Monday, March 7, 2016

The Washington Monument


Excerpt from Washington a History of Our National City by Tom Lewis.

Though the Washington Monument in Washington, D.C. is now beloved, it was a frustrating and difficult process to raise the funds to build it. And when Pope Pius IX made a contribution from Rome to the effort, the anti-Catholic "Know-Nothing" party took action to bring fundraising and construction to a halt. In large part because of this disruption, fundraising did not regain traction before the Civil War, and it was another thirty-four years before fundraising and construction were completed.

"Frustrated by Congress's repeated failures to honor its promise [to fund construction of a monument to George Washington], the fed­eral city's leaders decided to shoulder the effort themselves. In Septem­ber 1833, they established the Washington National Monument Society with Chief Justice John Marshall president and John Peter Van Ness vice president. The society believed that all Americans would want to contribute. It would build a monument costing no less than $1 mil­lion, but, in one of the worst decisions in the history of philanthropy, it decided not to accept more than a dollar from any citizen.
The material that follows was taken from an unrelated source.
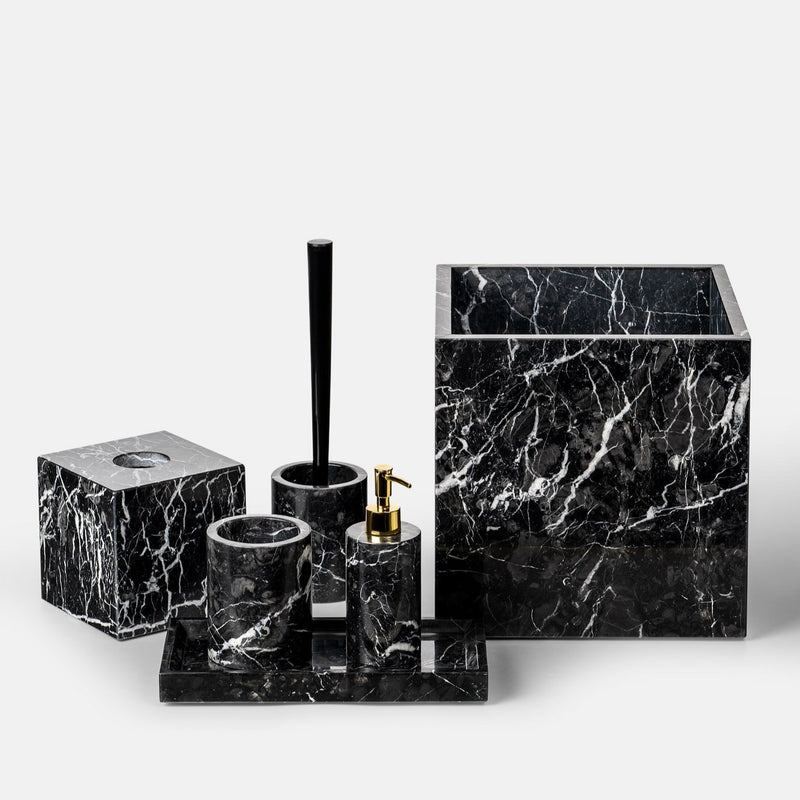 BATHROOM ACCESSORIES SET IN MARBLE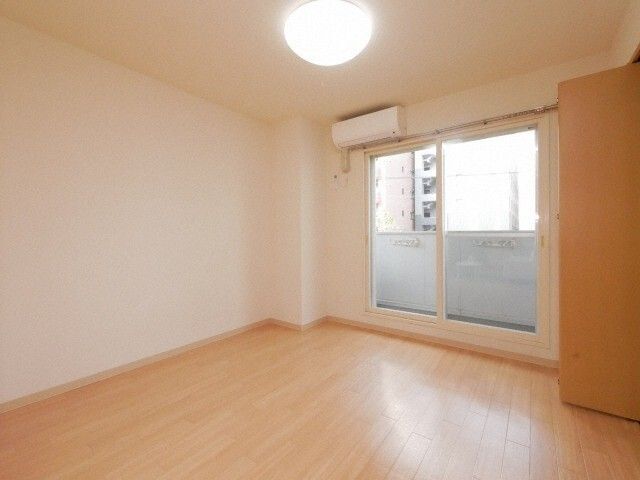 その他　※写真は別号室です。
"In 1836, the society selected Robert Mills's design for the monu­ment -- an Egyptian obelisk rising some 700 feet from the center of a circular colonnaded Greek pantheon. ... Raising money was the rub. Agents for the society crisscrossed the country in search of $1 donations; they brought in just $20,000 in the first three years. Other gambits, too, met with only minor success. ... It took the society until 1847, a dozen years, to raise $87,000 but it was enough to break ground. ...

"At last, on July 4, [1848] all was set. At sunrise, as church bells pealed and cannons fired, a great parade assembled at the Capitol. President Polk and the members of his cabinet led the distinguished procession, which included the Georgetown and Washington Freemasons in full regalia; military companies and militias from Maryland, Massachusetts, and Virginia; heroes of the Mexican War; members of Congress, such as Daniel Webster, Henry Clay, and John Calhoun, and an obscure Whig from Illinois, Abraham Lincoln. ...

"But for the Washington National Monument Society, money [remained] the supreme concern. To drum up sup­port, the society invited states, Indian tribes, local fraternal societies, businesses, and foreign countries to send memorial stones for the inte­rior of the shaft. ...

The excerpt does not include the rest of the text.